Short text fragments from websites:
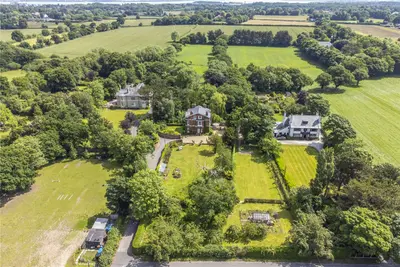 Oakfield Road, Childer Thornton, Cheshire, CH66 7NX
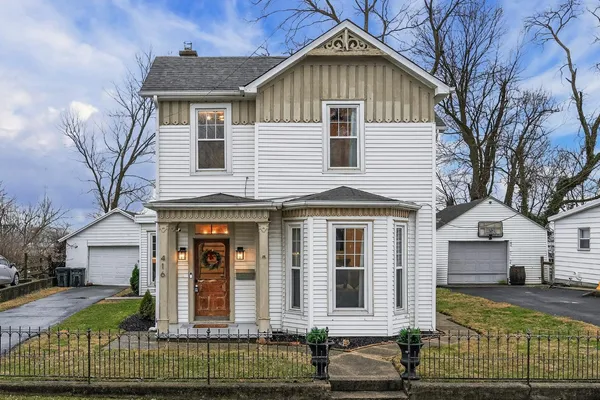 $272,500 | 416 Manchester Street, Aurora, IN 47001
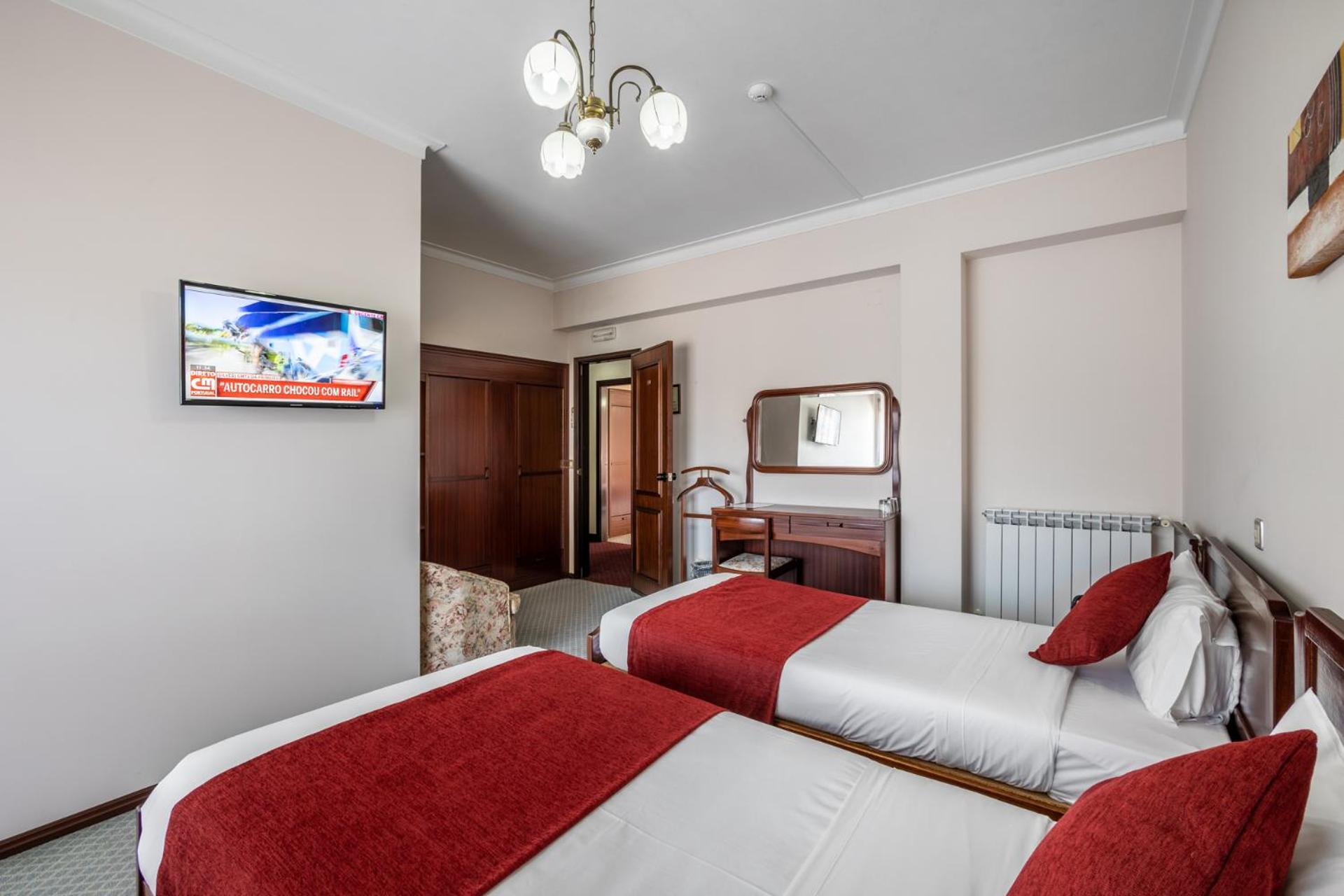 Standard Twin Room - Photo 5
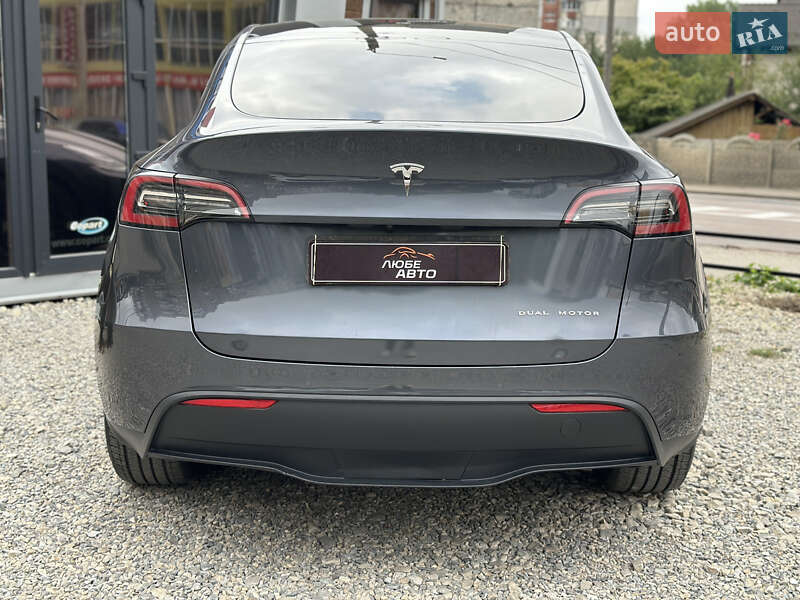 Позашляховик / Кросовер Tesla Model Y 2022 в Івано-Франківську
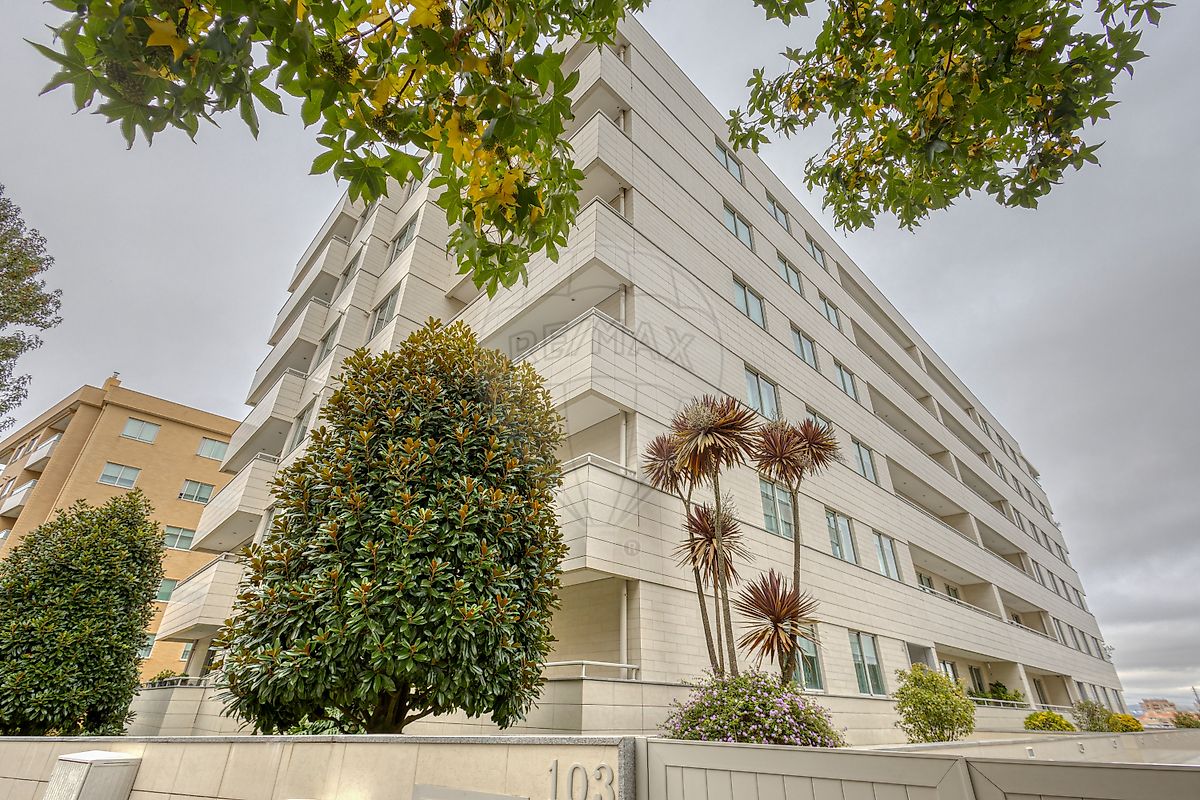 Apartamento T2 à venda em Vila Nova de Gaia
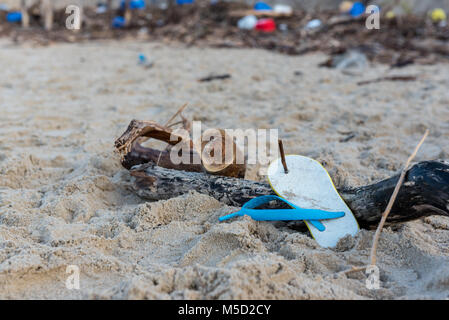 Ordures et déchets domestiques la pollution de la plage Banque D'Images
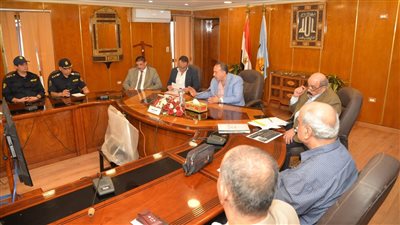 محافظ أسيوط يناقش معدلات إنجاز مشروعات مبادرة 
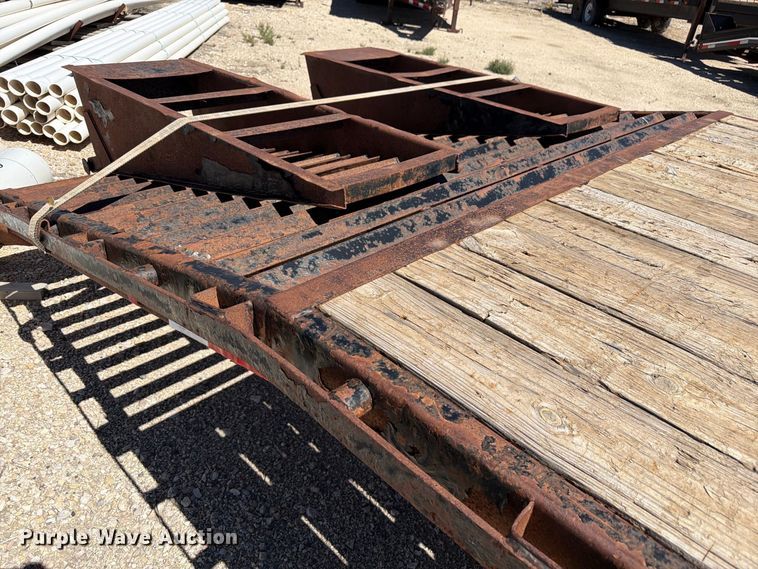 image for item EW2242 2014 PJ equipment trailer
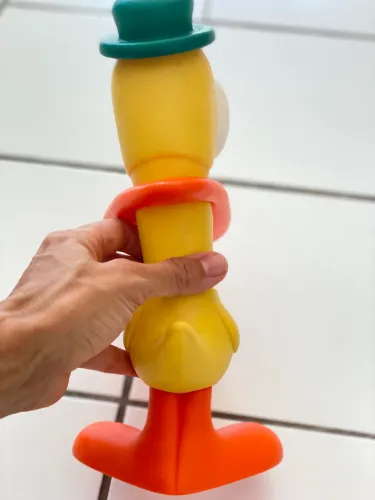 Pato da turma do pocoyo - boneco de vinil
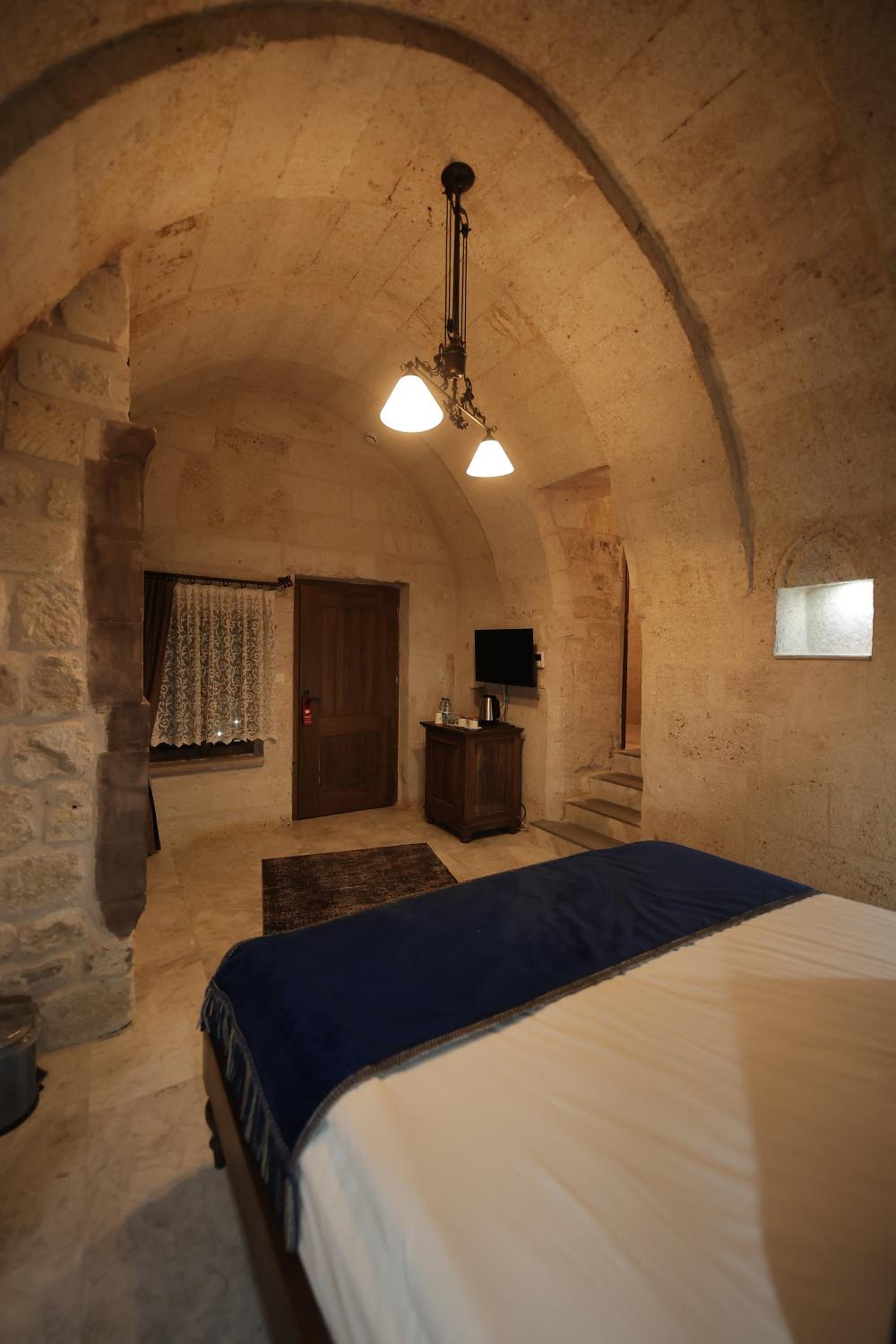 Standard Double Room - Photo 8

:: To do ::
In the copy, leave out all pictures, and retype exactly each line from the one with "محافظ أسيوط يناقش" through the last line of the entries.

:: Response to this exercise ::
 محافظ أسيوط يناقش معدلات إنجاز مشروعات مبادرة 
 image for item EW2242 2014 PJ equipment trailer
 Pato da turma do pocoyo - boneco de vinil
 Standard Double Room - Photo 8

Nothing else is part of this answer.